DESCRIPTION (provided by applicant): Inadequate treatment of pain imposes an enormous burden on society, and is due, in part, to a limited understanding of biological events that underlie the transition from acute to chronic pain. Barriers to a better understanding of this transition have included an inability to selectively and efficiently visualize or manipulate specifc sensory neuron populations and the very low throughput of available methods to monitor nociceptor function at the cellular level. In this collaborative proposal, we have teamed together a developmental neurobiologist and several pain biologists to synergistically overcome both of these barriers.

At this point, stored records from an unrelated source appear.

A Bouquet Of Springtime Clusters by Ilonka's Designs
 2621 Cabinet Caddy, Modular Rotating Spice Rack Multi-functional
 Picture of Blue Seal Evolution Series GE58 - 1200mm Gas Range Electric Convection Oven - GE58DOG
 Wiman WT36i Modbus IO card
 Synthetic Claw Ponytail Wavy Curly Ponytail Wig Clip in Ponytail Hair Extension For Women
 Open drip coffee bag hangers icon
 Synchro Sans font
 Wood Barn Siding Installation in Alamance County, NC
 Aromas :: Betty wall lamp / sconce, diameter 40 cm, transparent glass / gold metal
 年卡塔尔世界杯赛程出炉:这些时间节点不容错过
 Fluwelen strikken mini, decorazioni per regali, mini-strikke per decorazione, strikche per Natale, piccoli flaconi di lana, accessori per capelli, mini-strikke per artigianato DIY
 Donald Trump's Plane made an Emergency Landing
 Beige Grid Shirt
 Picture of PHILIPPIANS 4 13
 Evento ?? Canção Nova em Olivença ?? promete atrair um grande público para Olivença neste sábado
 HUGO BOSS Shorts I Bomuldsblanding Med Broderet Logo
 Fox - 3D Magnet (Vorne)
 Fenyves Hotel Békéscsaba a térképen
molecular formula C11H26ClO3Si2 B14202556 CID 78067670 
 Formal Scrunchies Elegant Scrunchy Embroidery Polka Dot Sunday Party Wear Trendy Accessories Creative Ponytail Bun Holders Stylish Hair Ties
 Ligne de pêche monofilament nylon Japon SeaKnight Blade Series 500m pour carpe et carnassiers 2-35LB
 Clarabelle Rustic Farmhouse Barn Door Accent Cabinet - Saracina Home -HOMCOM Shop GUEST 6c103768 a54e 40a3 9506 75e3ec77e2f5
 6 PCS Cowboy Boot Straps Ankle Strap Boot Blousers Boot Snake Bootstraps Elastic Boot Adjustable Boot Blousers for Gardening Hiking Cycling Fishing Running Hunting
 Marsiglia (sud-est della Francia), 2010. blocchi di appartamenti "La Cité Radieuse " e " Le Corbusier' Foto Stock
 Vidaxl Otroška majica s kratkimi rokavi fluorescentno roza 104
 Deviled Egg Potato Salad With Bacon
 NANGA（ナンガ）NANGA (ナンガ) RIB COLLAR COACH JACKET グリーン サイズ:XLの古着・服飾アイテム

Using newly- developed molecular-genetic strategies, we will selectively label each of the four major subpopulations of low- threshold mechanoreceptive (LTMR) neurons, as well as peptidergic and MrgprD-expressing nonpeptidergic nociceptors, in mice. This technology will be combined with selective expression of the genetically encoded calcium indicator, GCAMP3, in mouse peripheral sensory neurons to permit direct visualization of neuronal activity in the skin and DRG. In our first two aims, these tools will allow us to efficiently and with high spatiotemporal resolution monitor changes in the anatomy and function of unambiguously defined nociceptor and LTMR populations during the development of neuropathic pain. These changes will be correlated with corresponding behavioral changes, monitored using classical and newly developed assays of thermal and mechanical sensitivity. In Aim 3, we will selectively ablate two LTMR populations that are candidate participants in pain and define their respective contributions to the establishment, maintenance, and manifestation of neuropathic mechanical hypersensitivity. Together, these studies will provide us with an unprecedented view of the dynamic processes associated with the transition to chronic pain and define cellular targets for the development of improved analgesic therapies.

描述（由申请人提供）：疼痛治疗不足给社会带来了巨大的负担，部分原因是对急性疼痛向慢性疼痛转变的生物学事件的理解有限。更好地理解这种转变的障碍包括无法选择性地和有效地可视化或操纵特定的感觉神经元群体，以及在细胞水平上监测伤害感受器功能的可用方法的吞吐量非常低。在这项合作计划中，我们与一位发育神经生物学家和几位疼痛生物学家合作，共同克服这两个障碍。使用新开发的分子遗传学策略，我们将选择性地标记小鼠中低阈值机械感受性（LTMR）神经元以及肽能和MrgprD表达非肽能伤害感受器的四个主要亚群中的每一个。该技术将与小鼠外周感觉神经元中遗传编码的钙指示剂GCAMP3的选择性表达相结合，以允许皮肤和DRG中神经元活动的直接可视化。在我们的前两个目标中，这些工具将使我们能够有效地和高时空分辨率监测神经性疼痛发展过程中明确定义的伤害感受器和LTMR群体的解剖和功能变化。这些变化将与相应的行为变化相关，使用经典和新开发的热和机械敏感性测定进行监测。在目标3中，我们将选择性消融两个LTMR人群，这两个人群是疼痛的候选参与者，并定义其各自对神经性机械超敏反应的建立、维持和表现的贡献。总之，这些研究将为我们提供与慢性疼痛过渡相关的动态过程的前所未有的观点，并为开发改进的镇痛疗法定义细胞靶点。